A decade ago, Columbia University law professor and tech policy expert Tim Wu wrote in these pages that the Heartbleed web vulnerability showed how tech monocultures were not only a big-company problem. That flaw in an open-source component that helps encrypt connections to web pages didn’t implicate Google or Microsoft and instead resulted from a distributed team of developers missing a bug for two years. “As we centralize more, and put more of our lives online and into consolidated accounts, the damage from being compromised is greater,” wrote Wu, an adviser to the Obama and Biden administrations.

And last month, a tech executive speaking at an event in Washington said the industry needed to stop pretending this risk doesn’t exist: “We can no longer tolerate solutions or architectures that risk crumbling from a single point of failure.” That speaker was CrowdStrike’s vice president and counsel for privacy and cyber policy Drew Bagley, who gave a talk sponsored by the Austin, Texas, company at a Washington Post “Securing Cyberspace” event on June 6.

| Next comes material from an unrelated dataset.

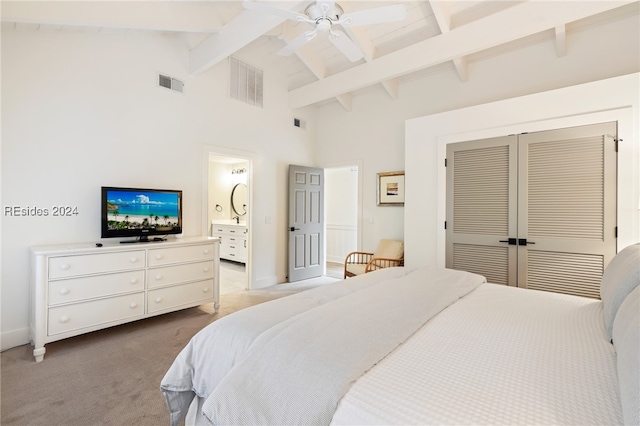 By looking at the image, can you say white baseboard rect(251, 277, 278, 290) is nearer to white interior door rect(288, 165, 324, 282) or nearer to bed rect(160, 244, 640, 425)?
white interior door rect(288, 165, 324, 282)

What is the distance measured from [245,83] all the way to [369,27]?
194 cm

The CrowdStrike crisis, however, flips the monoculture script a little: Instead of an overlooked vulnerability rendering entire companies or even industry sectors open to hacking—see, for example, contemporary ransomware attacks—a defensive system wound up attacking its hosts. In CrowdStrike’s case, a botched automatic update had a bug that intersected catastrophically with privileges Microsoft built into Windows for security tools, sending P.C.s and servers into failed reboots.

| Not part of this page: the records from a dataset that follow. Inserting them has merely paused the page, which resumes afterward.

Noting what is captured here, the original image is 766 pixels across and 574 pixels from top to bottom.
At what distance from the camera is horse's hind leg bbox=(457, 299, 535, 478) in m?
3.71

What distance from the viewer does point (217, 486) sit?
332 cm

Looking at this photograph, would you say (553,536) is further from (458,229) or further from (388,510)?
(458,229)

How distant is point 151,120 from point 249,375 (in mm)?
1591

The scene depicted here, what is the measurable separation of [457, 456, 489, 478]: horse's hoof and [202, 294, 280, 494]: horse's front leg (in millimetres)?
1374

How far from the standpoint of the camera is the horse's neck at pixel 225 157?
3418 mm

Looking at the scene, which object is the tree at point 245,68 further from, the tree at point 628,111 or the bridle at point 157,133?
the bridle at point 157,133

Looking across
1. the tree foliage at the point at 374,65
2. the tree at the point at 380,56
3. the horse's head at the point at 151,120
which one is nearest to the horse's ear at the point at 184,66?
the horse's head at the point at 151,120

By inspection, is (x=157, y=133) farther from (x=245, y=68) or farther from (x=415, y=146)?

CrowdStrike does not have close to a Microsoftesque lock on the market—it holds only 18.5 percent of the endpoint-security market in the second quarter of 2023, per data from the market research firm Canalys. But that still represents a nontrivial chunk of the IT market. Experts are already calling Friday’s incident “the largest IT outage in history.”

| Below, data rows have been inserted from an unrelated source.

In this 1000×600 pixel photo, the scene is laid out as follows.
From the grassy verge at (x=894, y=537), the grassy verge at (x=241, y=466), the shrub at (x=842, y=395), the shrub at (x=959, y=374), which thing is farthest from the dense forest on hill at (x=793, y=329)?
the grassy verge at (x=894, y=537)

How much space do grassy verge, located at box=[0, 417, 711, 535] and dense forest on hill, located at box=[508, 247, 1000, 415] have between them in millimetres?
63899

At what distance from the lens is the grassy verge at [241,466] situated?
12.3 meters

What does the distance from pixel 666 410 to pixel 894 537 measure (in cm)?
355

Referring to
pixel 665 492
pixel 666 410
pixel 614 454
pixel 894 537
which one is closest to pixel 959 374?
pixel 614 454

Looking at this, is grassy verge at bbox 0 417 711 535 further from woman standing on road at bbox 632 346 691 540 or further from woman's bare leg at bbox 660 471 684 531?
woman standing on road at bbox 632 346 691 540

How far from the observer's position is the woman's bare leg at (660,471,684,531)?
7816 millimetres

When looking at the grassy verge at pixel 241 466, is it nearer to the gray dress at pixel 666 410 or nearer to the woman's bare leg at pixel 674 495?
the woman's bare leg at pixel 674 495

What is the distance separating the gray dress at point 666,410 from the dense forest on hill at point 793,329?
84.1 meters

“The incident involving CrowdStrike is a good reminder of how interconnected our technology is today with impacts extending beyond the digital realm,” wrote Brandon J. Pugh, director of cybersecurity and emerging threats at the R Street Institute, a Washington think tank. He called them “multiple examples of how intertwined some IT and cyber products have become across the globe and how a problem with one can lead to effects well beyond its core offering.”

And something similar could happen with another security vendor’s product, especially if it interacts with Microsoft’s exceptionally widely used Windows in similar ways. “It was a perfect storm of a faulty update presumed safe and deployed automatically at scale,” wrote Katie Moussouris, founder and CEO of Luta Security. “This could happen with any security content update from any vendor.”

She predicted that companies will respond by subjecting automatic updates from security vending to the same testing as nonsecurity-software revisions—“a whole new daily testing task for overburdened IT departments to prevent recurrence in the future.”

Then again, tech monoculture isn’t just a security problem either. Google’s overwhelming share of the search and advertising markets—now the subject of multiple antitrust lawsuits—leaves websites and publications dangerously vulnerable to even minor changes to its systems. Meta’s outsize share of social media means its content-moderation systems misfiring can silence people across multiple networks and make a page or even an entire site unsharable across its properties. And on an individual scale, an iPhone can unlock so many apps and services that thieves have become aggressively inventive at finding ways to ensure they steal not only a victim’s phone but their screen-unlock passcode.

But while it can be easy to find examples of how wide use of any one tool can cause cascading problems, finding a fix for them is much harder.

There’s widespread agreement that resiliency is a worthy goal—as the White House’s acting national cyber director Kemba Walden said in a talk at the Black Hat security conference in Las Vegas last August, “We have to invest in the resilience of cyberspace.”

Inconveniently enough, resiliency often not only translates to inefficiency but requires embracing it as a virtue.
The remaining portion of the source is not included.